Return the data below exactly, stopping after the line with "Paper with ketones".

BEGIN Supplied entries

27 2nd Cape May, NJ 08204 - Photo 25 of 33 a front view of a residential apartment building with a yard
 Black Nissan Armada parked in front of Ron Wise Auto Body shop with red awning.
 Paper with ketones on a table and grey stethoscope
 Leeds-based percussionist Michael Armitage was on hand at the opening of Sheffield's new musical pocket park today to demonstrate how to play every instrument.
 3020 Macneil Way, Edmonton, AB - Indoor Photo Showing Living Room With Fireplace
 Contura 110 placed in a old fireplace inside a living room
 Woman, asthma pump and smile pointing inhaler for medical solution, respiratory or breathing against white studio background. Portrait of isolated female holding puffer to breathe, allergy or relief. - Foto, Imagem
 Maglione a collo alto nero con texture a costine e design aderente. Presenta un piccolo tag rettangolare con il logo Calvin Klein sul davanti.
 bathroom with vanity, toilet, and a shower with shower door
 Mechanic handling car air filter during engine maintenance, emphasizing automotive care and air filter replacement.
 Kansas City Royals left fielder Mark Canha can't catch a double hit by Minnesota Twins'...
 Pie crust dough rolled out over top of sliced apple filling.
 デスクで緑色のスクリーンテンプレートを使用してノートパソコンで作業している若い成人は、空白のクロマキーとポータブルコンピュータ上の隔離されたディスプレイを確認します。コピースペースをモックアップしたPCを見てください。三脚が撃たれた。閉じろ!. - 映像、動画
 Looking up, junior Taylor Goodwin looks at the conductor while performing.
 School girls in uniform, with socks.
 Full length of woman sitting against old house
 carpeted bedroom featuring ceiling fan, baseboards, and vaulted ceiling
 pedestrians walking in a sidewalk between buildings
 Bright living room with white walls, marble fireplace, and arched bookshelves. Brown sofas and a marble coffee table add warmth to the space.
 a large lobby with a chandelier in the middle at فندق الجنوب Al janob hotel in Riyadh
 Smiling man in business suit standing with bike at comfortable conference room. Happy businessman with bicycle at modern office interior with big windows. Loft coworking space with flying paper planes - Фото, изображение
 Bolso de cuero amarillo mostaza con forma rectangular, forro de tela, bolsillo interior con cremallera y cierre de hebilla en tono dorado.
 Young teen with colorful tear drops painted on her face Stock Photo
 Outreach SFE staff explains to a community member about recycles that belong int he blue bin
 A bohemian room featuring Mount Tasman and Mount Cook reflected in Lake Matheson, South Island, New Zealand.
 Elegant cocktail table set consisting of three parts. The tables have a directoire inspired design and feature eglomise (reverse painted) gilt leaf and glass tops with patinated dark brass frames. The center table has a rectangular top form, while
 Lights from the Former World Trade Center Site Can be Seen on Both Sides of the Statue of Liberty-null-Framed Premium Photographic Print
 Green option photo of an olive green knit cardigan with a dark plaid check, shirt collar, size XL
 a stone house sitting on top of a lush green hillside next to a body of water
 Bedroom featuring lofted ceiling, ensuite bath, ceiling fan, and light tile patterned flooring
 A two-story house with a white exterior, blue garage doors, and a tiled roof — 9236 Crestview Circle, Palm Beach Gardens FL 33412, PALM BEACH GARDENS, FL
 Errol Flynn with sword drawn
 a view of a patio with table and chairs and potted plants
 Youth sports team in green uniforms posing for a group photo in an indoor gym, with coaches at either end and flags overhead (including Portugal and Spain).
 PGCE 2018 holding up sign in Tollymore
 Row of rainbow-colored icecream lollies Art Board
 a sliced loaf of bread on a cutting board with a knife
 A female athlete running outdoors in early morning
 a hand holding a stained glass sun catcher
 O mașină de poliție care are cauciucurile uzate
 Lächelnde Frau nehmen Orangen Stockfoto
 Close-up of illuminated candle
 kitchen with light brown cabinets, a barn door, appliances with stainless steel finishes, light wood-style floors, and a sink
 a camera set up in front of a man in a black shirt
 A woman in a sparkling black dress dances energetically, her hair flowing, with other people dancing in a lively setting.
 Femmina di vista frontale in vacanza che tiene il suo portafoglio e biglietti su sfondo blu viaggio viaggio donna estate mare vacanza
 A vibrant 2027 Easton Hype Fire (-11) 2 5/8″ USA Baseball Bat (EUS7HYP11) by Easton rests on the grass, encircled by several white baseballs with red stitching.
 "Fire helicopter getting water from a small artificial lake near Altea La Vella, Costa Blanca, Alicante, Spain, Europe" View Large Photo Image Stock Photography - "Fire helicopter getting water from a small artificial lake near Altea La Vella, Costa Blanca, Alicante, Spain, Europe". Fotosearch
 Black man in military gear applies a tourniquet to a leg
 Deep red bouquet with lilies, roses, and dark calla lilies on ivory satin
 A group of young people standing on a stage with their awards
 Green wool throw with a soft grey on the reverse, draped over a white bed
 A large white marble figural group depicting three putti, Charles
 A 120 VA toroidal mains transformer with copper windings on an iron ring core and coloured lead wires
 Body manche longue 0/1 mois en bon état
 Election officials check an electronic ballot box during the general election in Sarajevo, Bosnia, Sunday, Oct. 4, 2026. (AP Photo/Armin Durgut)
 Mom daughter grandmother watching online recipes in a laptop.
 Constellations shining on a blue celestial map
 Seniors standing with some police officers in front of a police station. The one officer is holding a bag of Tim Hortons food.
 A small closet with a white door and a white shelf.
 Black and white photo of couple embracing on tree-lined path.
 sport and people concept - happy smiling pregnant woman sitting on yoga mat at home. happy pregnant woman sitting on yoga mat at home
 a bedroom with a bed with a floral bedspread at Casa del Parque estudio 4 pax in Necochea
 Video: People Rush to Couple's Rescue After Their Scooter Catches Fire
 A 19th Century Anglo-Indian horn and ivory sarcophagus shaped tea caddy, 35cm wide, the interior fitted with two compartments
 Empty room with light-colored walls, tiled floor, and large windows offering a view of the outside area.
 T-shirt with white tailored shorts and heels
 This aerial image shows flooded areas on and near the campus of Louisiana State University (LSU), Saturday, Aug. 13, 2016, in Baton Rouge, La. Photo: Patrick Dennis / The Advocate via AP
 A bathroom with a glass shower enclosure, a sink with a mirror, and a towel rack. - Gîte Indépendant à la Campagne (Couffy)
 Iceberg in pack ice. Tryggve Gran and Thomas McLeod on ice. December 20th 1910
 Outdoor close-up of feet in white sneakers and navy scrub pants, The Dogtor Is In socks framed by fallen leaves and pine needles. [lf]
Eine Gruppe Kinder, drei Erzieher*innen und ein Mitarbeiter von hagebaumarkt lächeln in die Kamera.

END Supplied entries

- [Answer area]:
27 2nd Cape May, NJ 08204 - Photo 25 of 33 a front view of a residential apartment building with a yard
 Black Nissan Armada parked in front of Ron Wise Auto Body shop with red awning.
 Paper with ketones on a table and grey stethoscope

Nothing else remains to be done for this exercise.